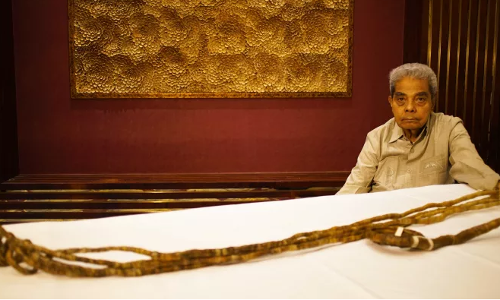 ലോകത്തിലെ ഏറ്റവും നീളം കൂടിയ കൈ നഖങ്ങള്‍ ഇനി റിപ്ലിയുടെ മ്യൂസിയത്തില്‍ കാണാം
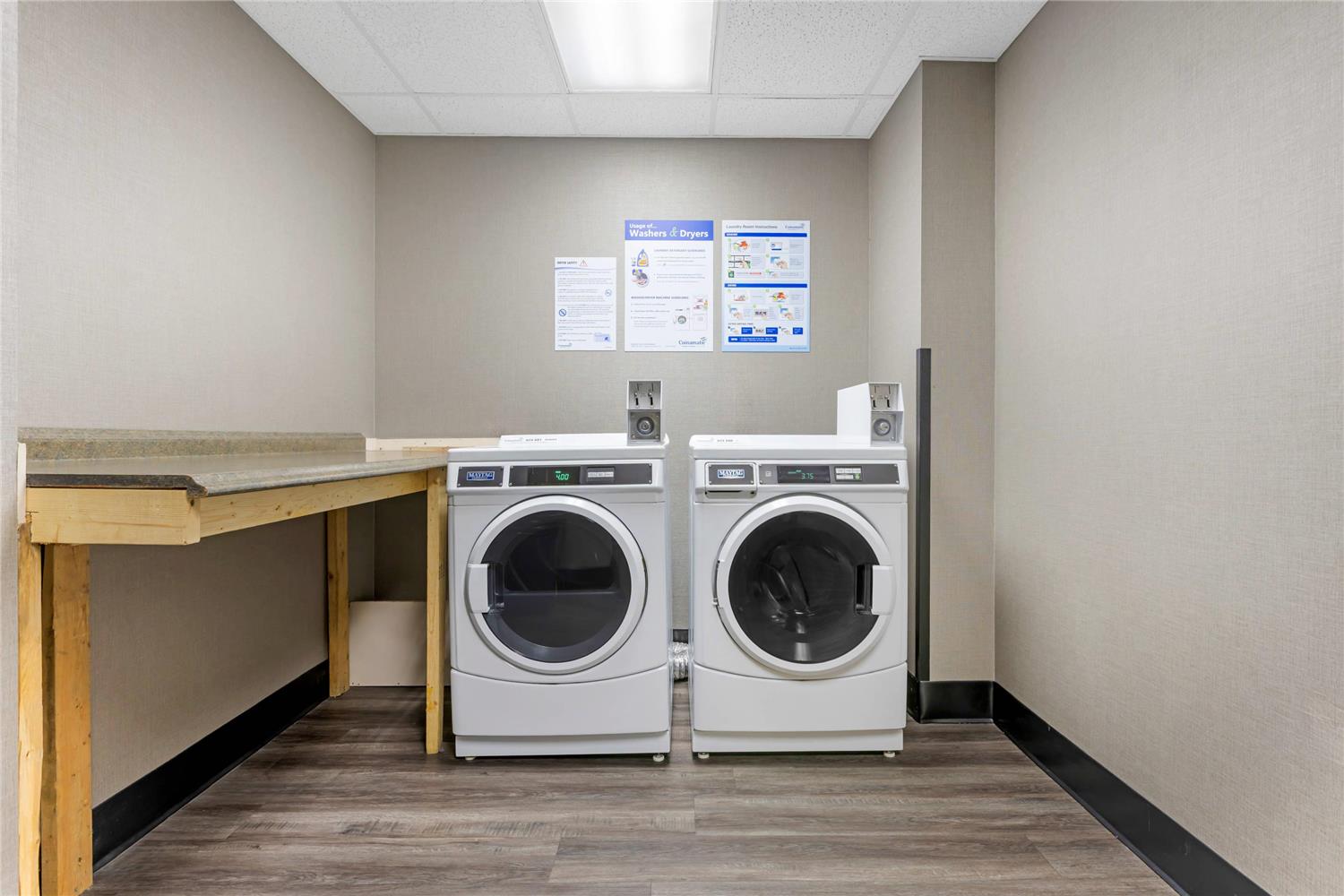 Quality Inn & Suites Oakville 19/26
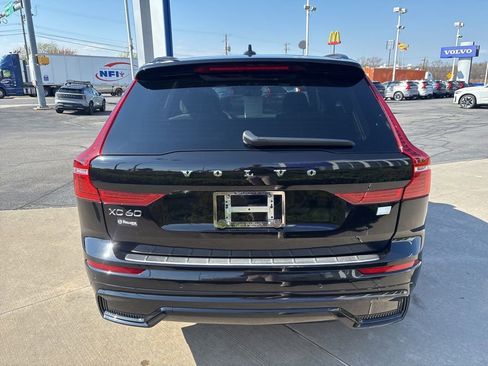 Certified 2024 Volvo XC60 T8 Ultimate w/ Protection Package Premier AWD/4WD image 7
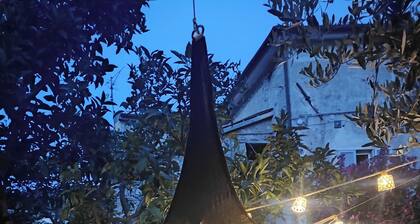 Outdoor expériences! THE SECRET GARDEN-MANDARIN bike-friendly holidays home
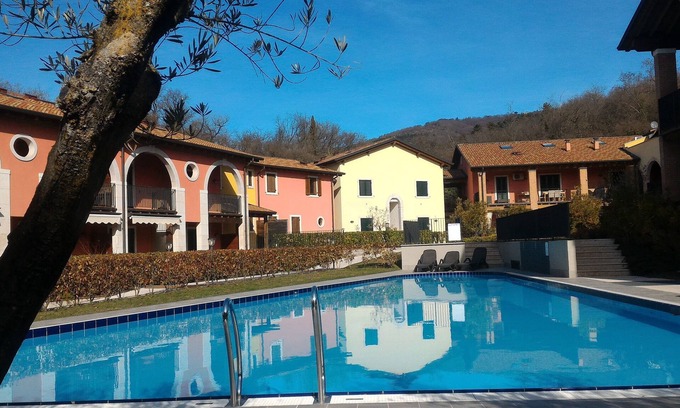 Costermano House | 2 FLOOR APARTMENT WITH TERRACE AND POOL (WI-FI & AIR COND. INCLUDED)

◆ PROBLEM DESCRIPTION: Print out each record exactly as shown, but keep the pictures out.

◆ ANSWER AREA:
 ലോകത്തിലെ ഏറ്റവും നീളം കൂടിയ കൈ നഖങ്ങള്‍ ഇനി റിപ്ലിയുടെ മ്യൂസിയത്തില്‍ കാണാം
 Quality Inn & Suites Oakville 19/26
 Certified 2024 Volvo XC60 T8 Ultimate w/ Protection Package Premier AWD/4WD image 7
 Outdoor expériences! THE SECRET GARDEN-MANDARIN bike-friendly holidays home
 Costermano House | 2 FLOOR APARTMENT WITH TERRACE AND POOL (WI-FI & AIR COND. INCLUDED)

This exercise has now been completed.